Rule: Disambiguation of actors in ingest pipelines
Problem description
We started by trying to disambiguate actors already in the ingestion pipeline by using the API endpoint GET /api/actor-search?q={actor name}
. After reviewing the results this approach does not work as hoped. Due to giving back fuzzy results and due to bad data quality regarding names of actors in many of the sources, a lot of false positives are generated. This leads to wrong data where we do not have a chance to find out, that it is a wrong disambiguation. Some examples are discuess in DARIAH Campus (#19 (comment 384054)) and TaDiRAH (see #7 (comment 371233) and #7 (comment 371672)).
New rule
Based on this experience it was decided in the Curation Task Force meeting on 10.09.2021 that disambiguation of actors in the ingest pipeline across the already ingested data should not be done. Instead such kind of disambiguation will be done by a dedicated curation workflow (see as one part of this workflow: https://gitlab.gwdg.de/sshoc/curation/-/issues/4). This means for the ingest pipelines:
- Still identify the same actors in one source by identifers, and create out of it one actor in MP.
- If there is no way to identify same actors in the source due to the lack of identifiers, create for every actor from the source one actor in MP.

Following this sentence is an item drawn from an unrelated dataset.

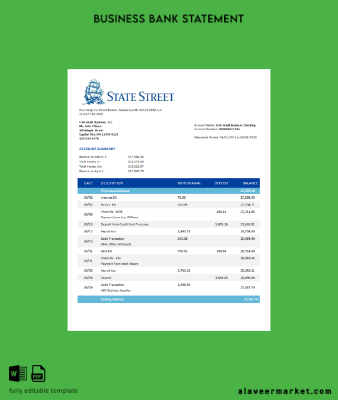 State Street Banka organization Banka Hesap Özeti Word and PDF Şablon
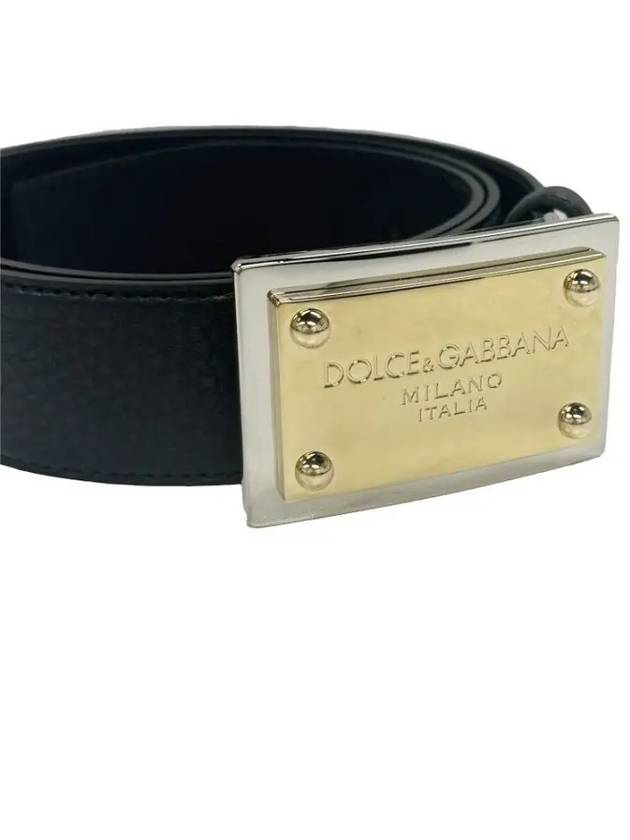 Buckle Square Grain Leather Belt Black - DOLCE&GABBANA - BALAAN 3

- Don't do a string separation and a string compare (looking for identical person name strings) to identify same actors expect it is guaranteed that the source follows a strict actor naming convention (which is usually not the case). The general rule: use identifiers, if there are no, don't try to identify actors (only if advised different based on a rule mechanism).
- Do not look for the same actor in the list of already ingested actors in MP (that are coming from other sources). But always put all available identifiers to a new created actor in the MP. Such external identifiers like ORCID will support the curation module to find same actors across sources.
- Cross-source actor disambiguation is handled by curation not by ingestion.
Notify @sotiris.karampatakis and @anowak about this change for the ingestion pipelines.
Notify @lbarbot @matej.durco @edward.gray @cesare.concordia about this change for additional clarificaiton and curation tasks.